The Royal Academy of Engineering is gathering evidence to produce a guide for academic entrepreneurs who wish to commercialise their research by spinning out. In order that this guide be neutral and balanced, RAEng want to understand the motivations behind each stakeholder’s engagement in the spinout journey, hearing insightful lessons that have been learned, reading case studies, and seeking to comprehend bottlenecks and barriers.

Since launching in 2013, the Royal Academy of Engineering’s Enterprise Hub has supported the UK’s brightest engineering and technology entrepreneurs to help them realise their potential by providing both financial support and exceptional connections to the nation’s best engineering minds.

If you are an entrepreneur, an academic who has sought or seeks to spin out, if you work in knowledge exchange or a technology transfer office (TTO) for a university or are an investor, RAEng wants to hear from you.
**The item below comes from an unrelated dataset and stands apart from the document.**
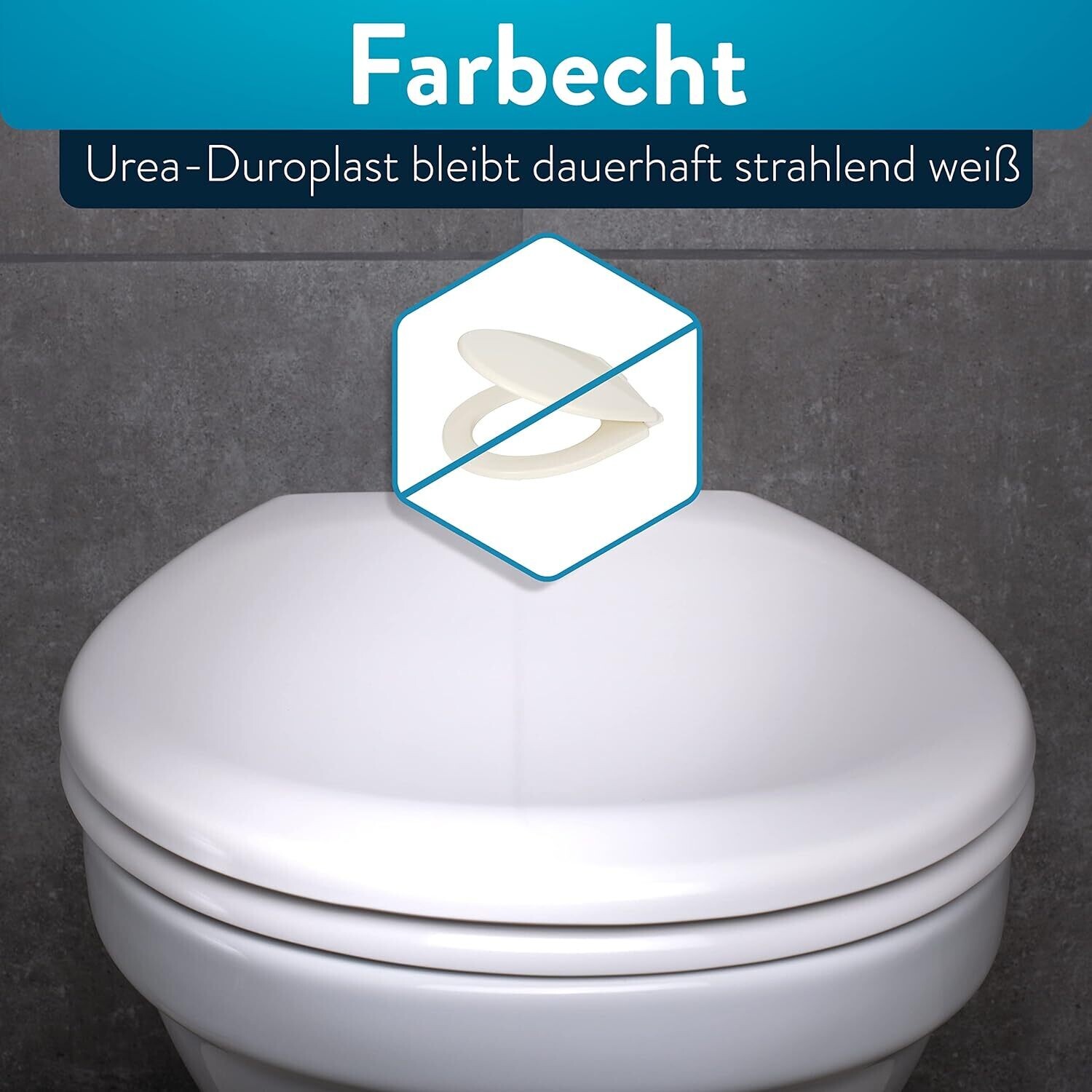 Toilet Seat with Quick-Release Function and Soft-Close Mechanism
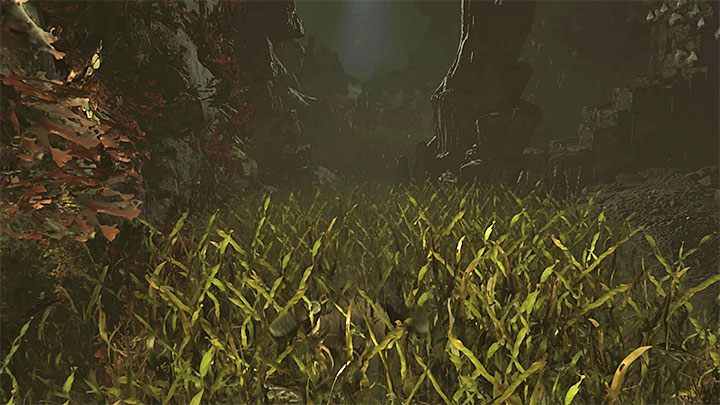 Squeeze through the damaged wall to leave the hall with the mural - Escaping the temple and returning to the Kuwaq Yaku - Path of the Dead - Kuwaq Yaku - Shadow of the Tomb Raider Game Guide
This publication will be a guide for academic entrepreneurs on how to work with their TTOs to spin out a company. The guide will include an introduction to all major categories of stakeholders and their respective motivations behind their involvement in the UK’s spinout ecosystem. The spinout process will be mapped and split into stages. Each stage will be presented and discussed, with entrepreneur case studies and stakeholder perspectives featured throughout to bring points of learning to life. Suitable caveats will feature throughout, noting that processes can and do vary between institutions. Each section will end with a checklist of goals/achievements that must be completed in this stage before moving forward.

The guide will not cover the ‘how’ to complete each step as there are plenty of resources available already, but instead will cover:

  • who is interested in each step
  • what are they interested in
  • why they are interested in it
  • how this impacts the entrepreneur
  • when to start each process in the journey
  • what other processes each impacts upon.

The aim is to give the academic entrepreneur a better understanding of the often-competing viewpoints, so that they may better navigate the process and bring the various viewpoints into alignment.